Baseline conversion rate

The current rate of your primary success metrics prior to this experiment.

Sample size

The number of users/amount of traffic you need in each of your experimental variants in order to soundly detect statistical significance.

Run time

Based on the sample size needed per variant and your traffic levels, how long your experiment will take to run.

Confidence / significance level

The likelihood you will get a false positive. For example, if you have a 95% confidence level (sometimes written as 5% significance level), there is a 5% chance of detecting a change to your success metric when there was really no change.

Confidence interval

A range of plausible values that contains the parameter of interest. In our case, the true parameter we’re trying to estimate is the difference in means between the treatment and control/baseline. 
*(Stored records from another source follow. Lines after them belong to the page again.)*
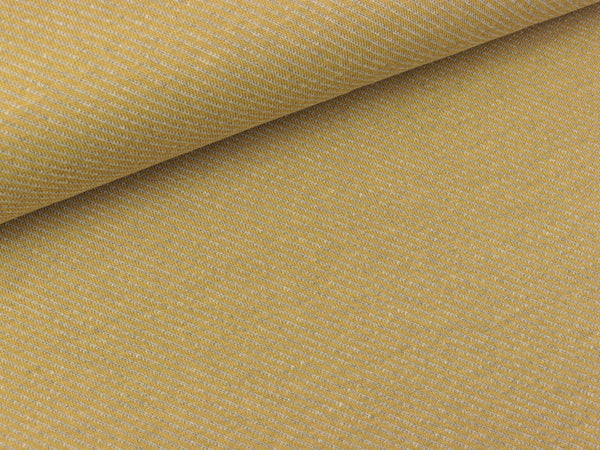 Leichter Jacquard Jersey Serge messinggelb-hellgrau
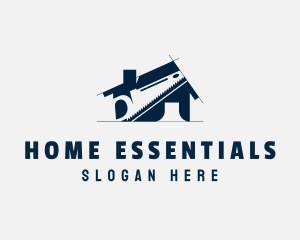 Saw Home Builder Construction logo design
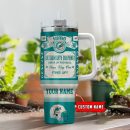 Miami Dolphins NFL Vintage Kings Of Football Custom Stanley Quencher 30oz-40oz Stainless Steel Tumbler Hot And Cold Tumbler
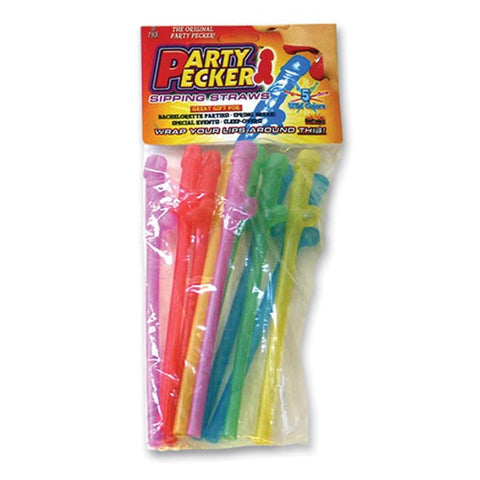 Party Pecker Sipping Straws Dicky Straws Party Gift - Party Gifts and Novelties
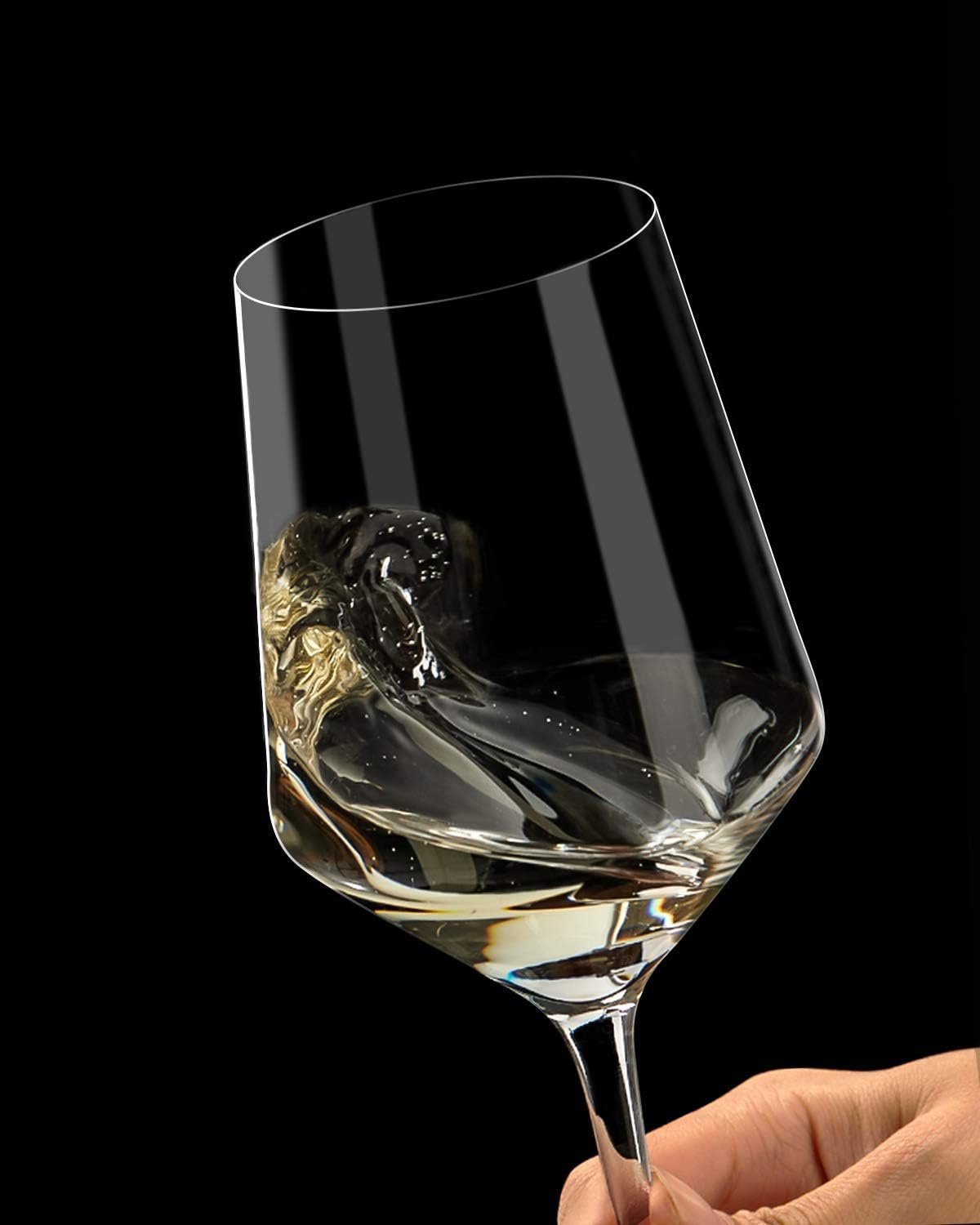 Red Wine Glasses Set of 4, Premium Crystal Wine Glasses Hand Blown,15 oz,Thin Rim,Long Stem,Perfect for Red or White,Daily Use,Unique Wedding Anniversary or Birthday Gift - Image 2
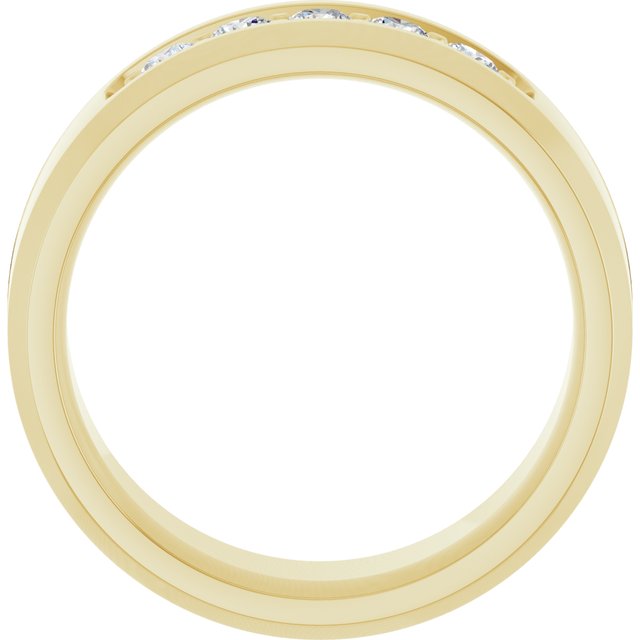14K Yellow 1/2 CTW Lab-Grown Diamond Band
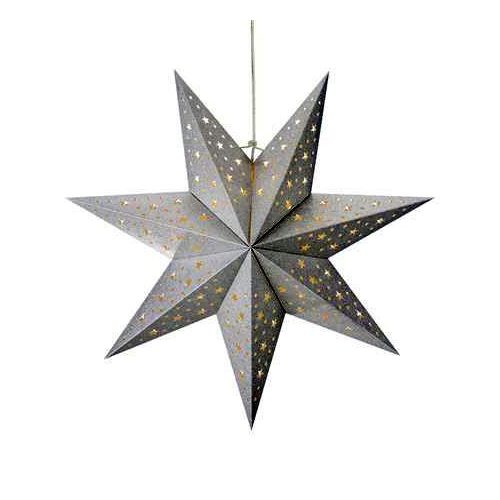 Markslöjd BLANK Pendant Star 45cm Silver LED 2  AA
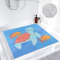 Duschmatte rutschfest 60x60cm, Luffa Duschmatte rutschfest Badewannenmatte Sicherheits Duschmatten, Cartoon Duschmatte Antirutschmatte, Komfort Luffa Duschwannenmatte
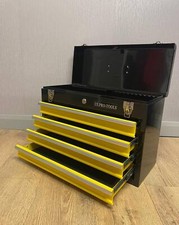 US Pro tools Portable Toolbox Tool Chest Box Garage 4 drawer black yellow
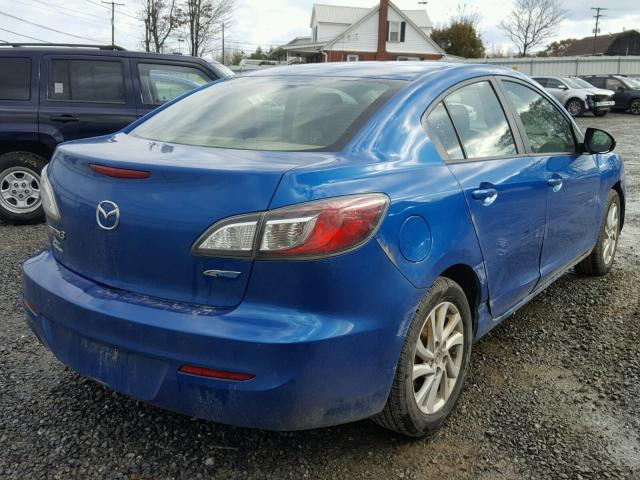 JM1BL1V83C1653084 - 2012 MAZDA 3 I BLUE photo 4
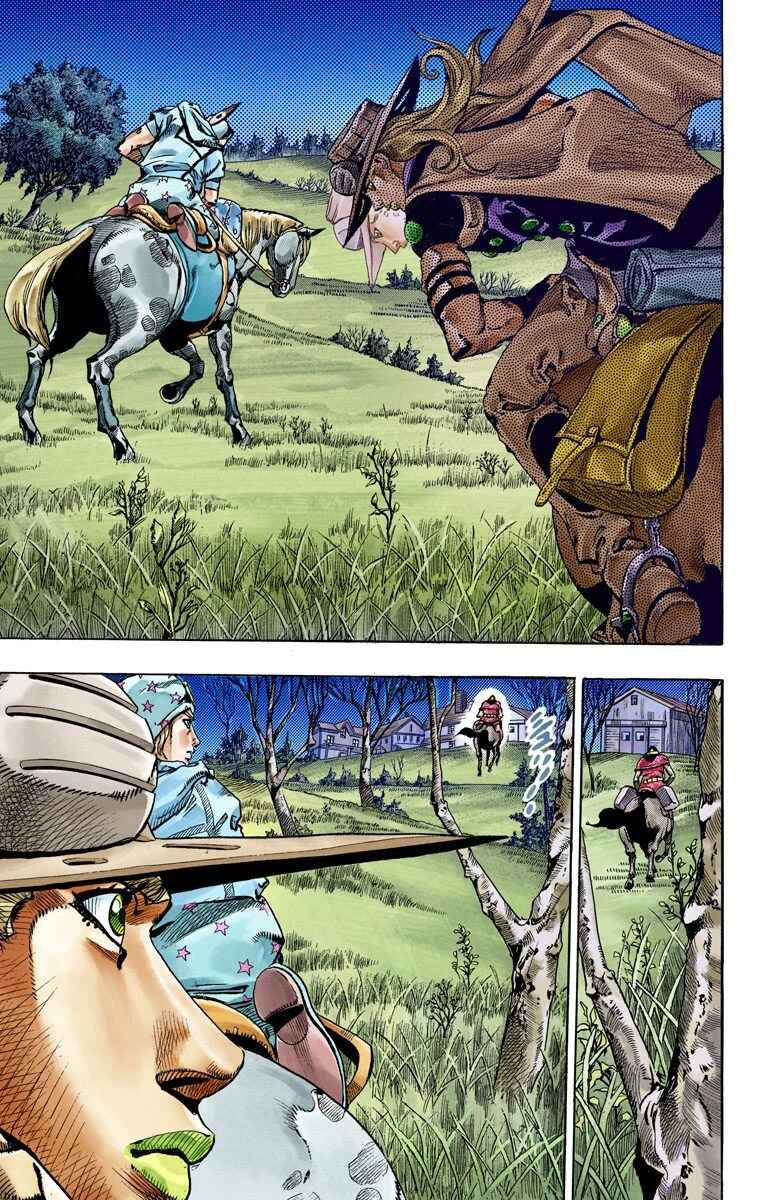 JoJo no Kimyou na Bouken: Part 7 - Steel Ball Run Color-ban Chapter 56 - Page 13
For example: if the confidence level is set to 95 and we ran the same experiment 100 times, the confidence interval–in each run–would contain the true parameter at least 95 times.

p-value

The probability of observing the data assuming that there is no difference between treatment and control. 

Statistical power

The likelihood that you will detect a change to your success metric when there is a change to be detected.

Payload

Variables attached to a variant, that can be used to remote change flags and experiments without a code change

Sequential testing

A statistical analysis where the sample size is not fixed in advance, allowing you to: conduct an A/B test, peek at your results, and conclude them without inflating your false positives.

Allocation

The % or # of targeted users you want to get this variant 

Type 1 error

Incorrectly classifying that there is a statistically significant difference between treatment and control, when there is not.

Type 2 error

Incorrectly classifying that there is no difference between treatment and control, when there is.

Enrollment Event

An event that signifies a user was enrolled into a Flag, which includes the user’s variant assignment in the event properties.

Assignment Event

Another name for Enrollment event. 

Exposure Event

The event that indicates when a user has actually seen a change based on a experiment.